▸ Task description
Copy all records exactly, excluding images.

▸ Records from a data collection
- Opening Delimiter -

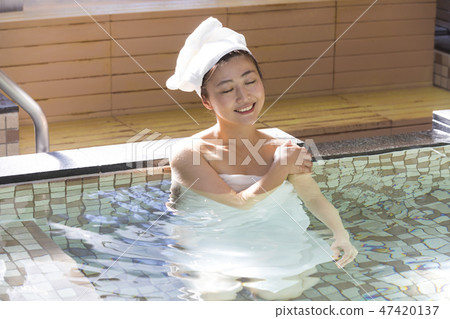 年輕的女士，浴室，溫泉，溫泉設施，公共浴室，公共浴室，天然溫泉，超級公共浴室 47420137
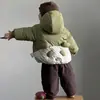 Conjunto Nuevo Estilo Invierno 2026 para Bebé Niño de un Año Estilo Coreano Ropa de Bebé Dibujos Animados Chaqueta de Plumas Capa Interior Pantalones de Algodón Conjunto de Tres Piezas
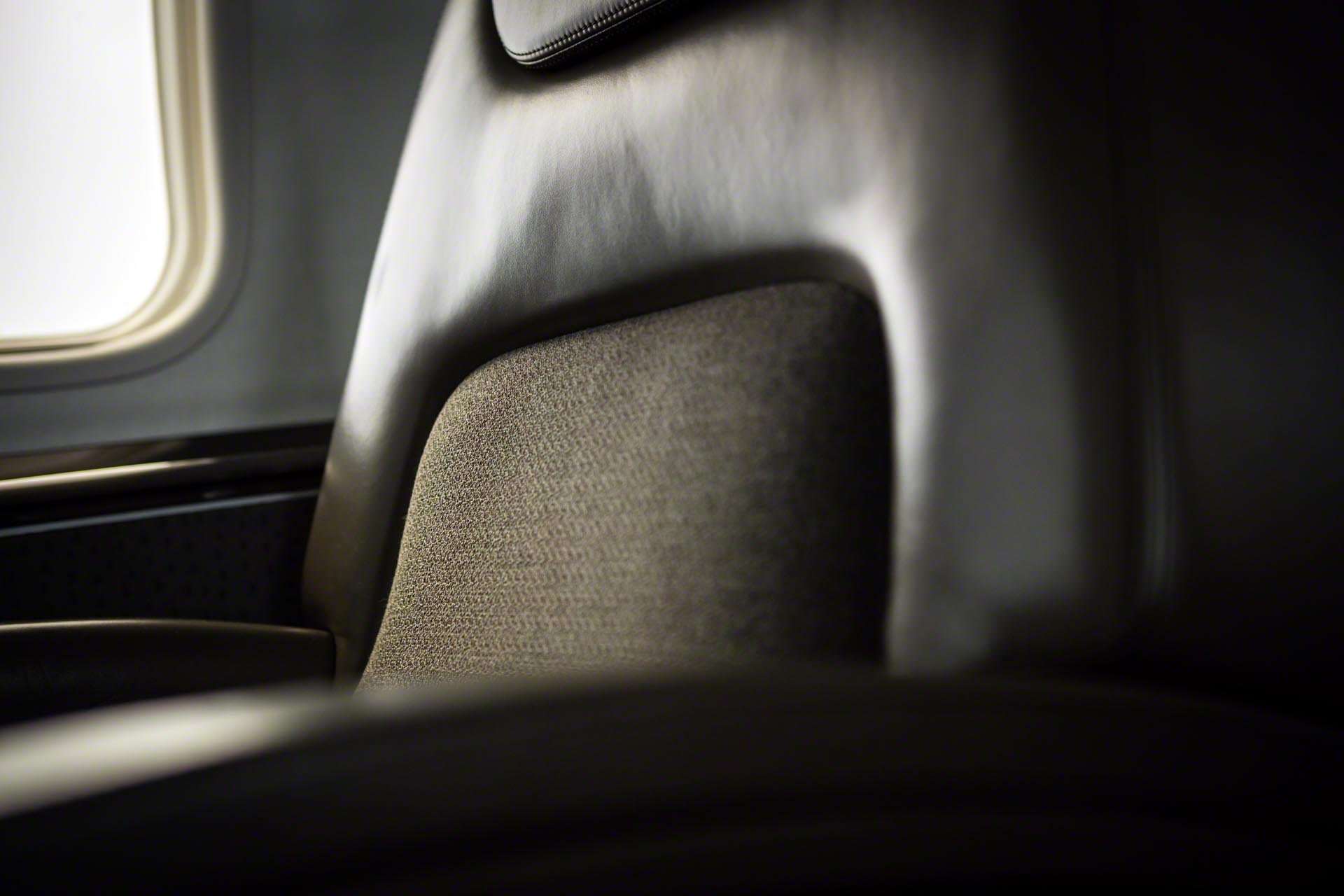 Leather Seats - Challenger 350 LXi Thunderbird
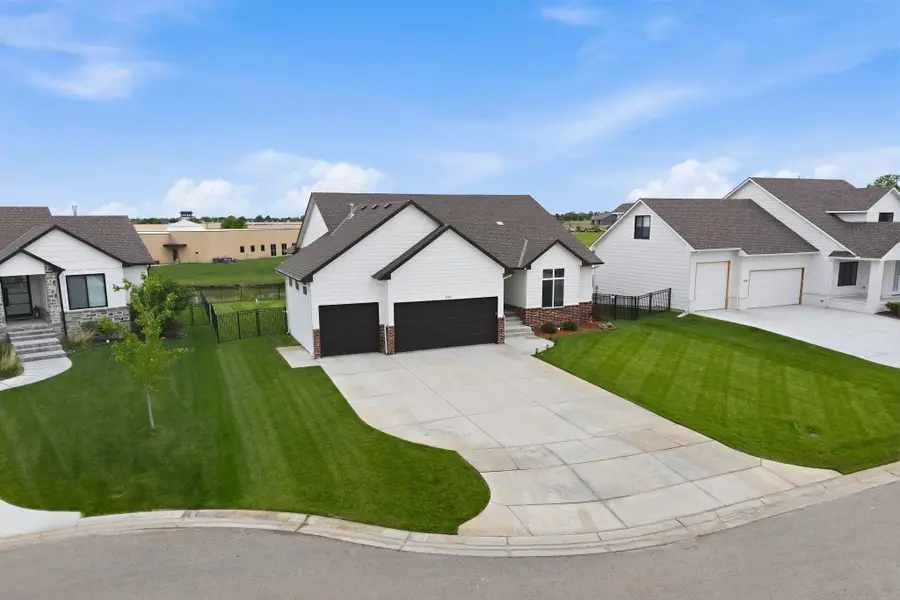 1113 W Lakeway Ct, Andover, KS 67002 - #3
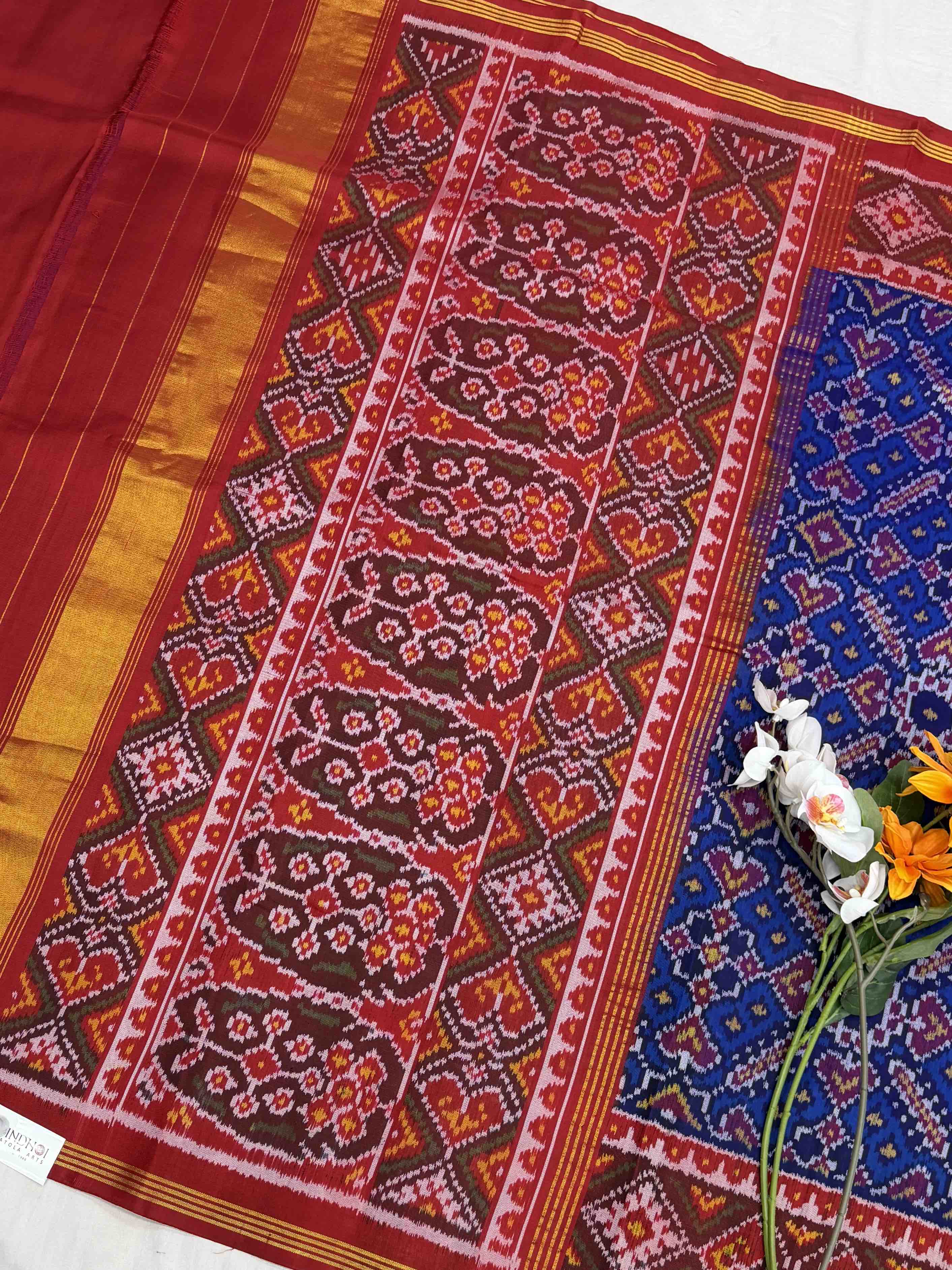 Red & Blue Manekchawk Single ikat Patan Patola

- Closing Delimiter -

▸ Response area
 年輕的女士，浴室，溫泉，溫泉設施，公共浴室，公共浴室，天然溫泉，超級公共浴室 47420137
 Conjunto Nuevo Estilo Invierno 2026 para Bebé Niño de un Año Estilo Coreano Ropa de Bebé Dibujos Animados Chaqueta de Plumas Capa Interior Pantalones de Algodón Conjunto de Tres Piezas
 Leather Seats - Challenger 350 LXi Thunderbird
 1113 W Lakeway Ct, Andover, KS 67002 - #3
 Red & Blue Manekchawk Single ikat Patan Patola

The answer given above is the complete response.